How bitter, how much poison there was in the smile with which Donna Gabriella said these words!...

Then he sounded the bell, and said to the lackey on the threshold,

"Serve."

A minute later the lackey entered with a silver tray on which were placed four small fine porcelain floors with sorbets in the form of fruit and spoons of silver chiseled and laid it on a small table; then it returned with two other smaller trays: One full of cookies, the other with two bottles and small glasses, and apostles on the table stood on the threshold.

"Go," Gabriella ordered him, passing the handkerchief on his face to dry his sweat.

She herself served the sorbets; Coriolano, who followed all her movements, saw that her face had taken a frightening expression and that her voice was altered, while she spoke with greater liveliness and festivity.

Then Gabriella chose a bottle:

"This," he said, "is for the ladies..."

She filled two glasses and approached Violante.
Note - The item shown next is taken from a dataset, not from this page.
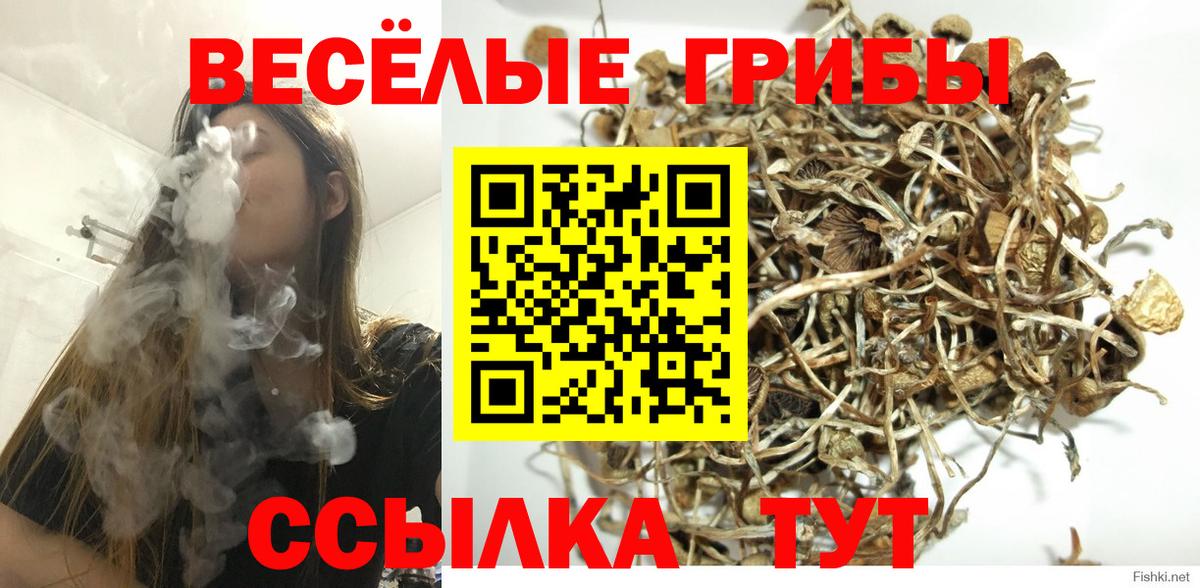 Чернушка  Галлюциногенные грибы Magic Shrooms  Вход с VPN  Галлюциногенные грибы Psilocybine cubensis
Coriolano took a step, staring at Donna Gabriella; he had become pale, a horrible suspicion had enlightened him; he saw the hands of Donna Gabriella, who offered one of the glasses to Violante, agitated by a slight tremor; he saw her face transform, heard her hoarse and gloomy voice say:

"Drink, Violante, to our joy..."

Violant took the glass. At that time, Donna Gabriella raised her eyes; Coriolano was before her with glowing eyes, like a severe, inflexible, fearsome judge. Those eyes penetrated her at the bottom of the soul like two blades, like two rays; they pierced it and illuminated its frightening sides. Violante carried the glass to his lips.

Coriolano's eyes became more terrible.

Donna Gabriella had a whisper; with a sudden gesture she dropped the glass from the Violante's hand shouting: "No!"
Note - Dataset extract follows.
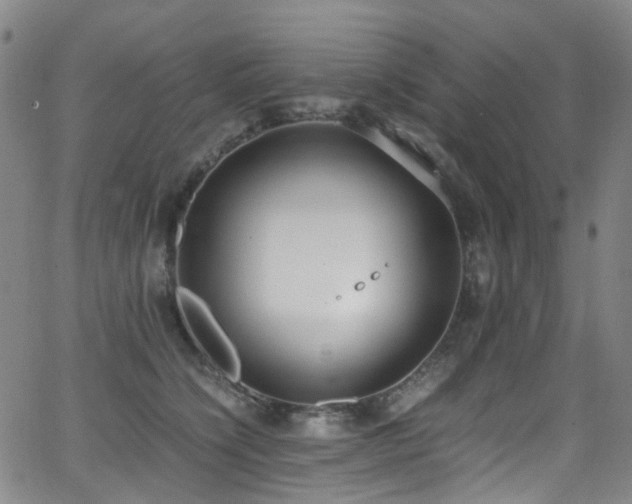 X0000062930564200601131514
And she emptied hers in a breath."

"Disgrateful!" cried Coriolano.

Blasco, who had remained as absorbed in a song, shook:

"What is it?..."

He looked at Violante and saw her motionless, pale, as struck by something incredible; he looked at Donna Gabriella; he saw her passing her hands on her face, tottering, tossing over a chair!
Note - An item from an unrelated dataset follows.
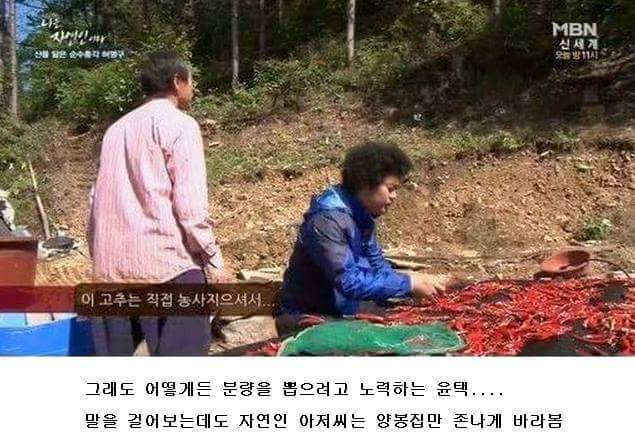 말벌잡는아저씨ㅋㅋㅋㅋㅋㅋㅋㅋ | 인스티즈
"Gabriella! Gabriella!" screamed scared!

"My God... What happens then?..."

Coriolano took the bottle, hid it quickly and stood in the anteroom, shouted:

"A doctor!... run for a doctor."

Donna Gabriella had fallen with her head back on top of a chair and Blasco had just had time to stop her from freaking out on the floor. By raising her head with her arm, by taking her hand, she shook it, questioning her anxiously:

"What's wrong with you?... What did you do? Talk!... My God! Speak!..."

Violante with her hands joined, with his eyes dilated by fear, she could not speak a word; she looked at Gabriella, Blasco, and Coriolano, with a mad terror, while Coriolano said a few words of comfort. A cry received her, gave her the exact perception of the tragedy.

"Coriolano!... Coriolano!... She dies!..."

Then Violante burst into tears, and falling to her knees exclaimed:

"God... God...! Have mercy on her!"

Donna Gabriella raised her head; her eyes wandered looking, they sat on Blasco, over Violante, then filled with tears; her lips murmured:

"Forgive me!... Farewell!..."

"Gabriella!... Gabriella! No! no!" shouted like a madman Blasco.

"Ma'am! ma'am!..." he was sobbing Violante.

Donna Gabriella made an effort, raised her arms, searched for the head of Violante and laid a hand there; she looked for Blasco's and for a minute her cold hands, crossed by a thrill of death, lingered on those two curved and convulsive leaders. She repeated in a breath:

"At least... remember me..."

A guizzo waved his body; a scream tore his chest...

And she lifted up the head of Blascus, and his lips sought him, and whispered,

"Goodbye!... kiss me!..."

Blasco kissed her crying, repeating:

"What did you do?... What did you do? Why?..."

"It was necessary!" she said.

They were her last words; her limbs wrinkled in a spasm, her lips wounded, her eyes faded; one last streak of the body and then nothing.

Blasco bent on his knees, looked at her face, shouted again.

Violante's gasps covered his voice. They remained knees, leaning upon that body that was half an hour before vibrating with life and beauty.

Coriolano wiped with a piece the lips that no longer smiled, closed the eyes that no longer saw, and laid a kiss on the forehead from which they had fled and forever dreams, thoughts and pains.